Против ангелов Плешаков сперва повел шумную, хоть и бестолковую кампанию, а потом, когда внешнеполитическая обстановка резко изменилась к худшему, стал с ними заигрывать, впрочем, без особого успеха. Аггелы, люди серьезные, привыкли смотреть далеко вперед и не утруждали себя связями со всякими пустопорожними горлопанами. Крах Плешакова, едва не ставший и крахом всей Отчины, к тому времени получившей и другое название — Отчаяны, стал результатом его собственных непомерных амбиций.

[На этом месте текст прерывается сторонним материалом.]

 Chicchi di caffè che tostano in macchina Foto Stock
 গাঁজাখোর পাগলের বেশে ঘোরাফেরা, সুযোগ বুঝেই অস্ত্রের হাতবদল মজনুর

Началось все с того, что звание всенародного головы показалось Плешакову недостаточно благозвучным, и он по тщательно отрепетированной просьбе трудящихся был провозглашен императором Федором Алексеевичем, со всеми вытекающими отсюда последствиями, включая и закон о престолонаследии.

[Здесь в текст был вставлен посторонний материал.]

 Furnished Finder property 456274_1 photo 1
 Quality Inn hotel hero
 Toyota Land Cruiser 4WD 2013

Верка сшила из старых платьев императорский штандарт, а приглашенный из Кастилии специалист по геральдике нарисовал офигенный герб, на котором чего только не было: и фигурный щит со щитодержателями в виде двух вставших на дыбы быков; и ворон, символ долголетия; и десница, олицетворявшая верность клятве; и то самое обещанное народу солнышко, да еще на пару с монархическим скипетром; и вензель «Ф.А.» на красном фоне; и богатая арматура по краям щита, составленная из значков, полученных Плешаковым на срочной службе; и даже девиз на латинском языке, в буквальном переводе означавший «Смелым судьба помогает».
Никто из подданных новоявленного монарха на это событие особо не отреагировал. Простой народ, привыкший к экстравагантным выходкам своего кумира, только посмеивался, а умники еще глубже забились в тараканьи щели. Остальные были по горло заняты собственными делами: гвардия потихоньку грабила всех встречных-поперечных; тайная полиция в свободное от проведения контрабандных операций время фабриковала всякие фиктивные дела, до которых Плешаков был большой охотник; отряды самообороны, переименованные в императорские полки и бригады, вели вялотекущие боевые действия против ангелов, не забывая при этом приторговывать оружием и боеприпасами; отдел пропаганды и агитации спешно сочинял новую биографию отца нации, в которой туманно намекалось на то, что по материнской линии он происходит едва ли не от Александра Македонского. Однако бедноватая людскими ресурсами Отчина, которую к тому же можно было лаптем накрыть, уже не устраивала Федора Алексеевича. Он всерьез подумывал о титулах короля Кастильского, великого хана Степи, верховного вождя Лимпопо и прочая, и прочая, и прочая. Кроме того, к этому времени стало достоверно известно, что вокруг простирается множество других, еще малоизвестных стран, которые вполне могли бы стать бриллиантами в будущей короне династии Плешаковых. Вот только гады-соседи, как тугой аркан на шее, мешали вырваться на простор.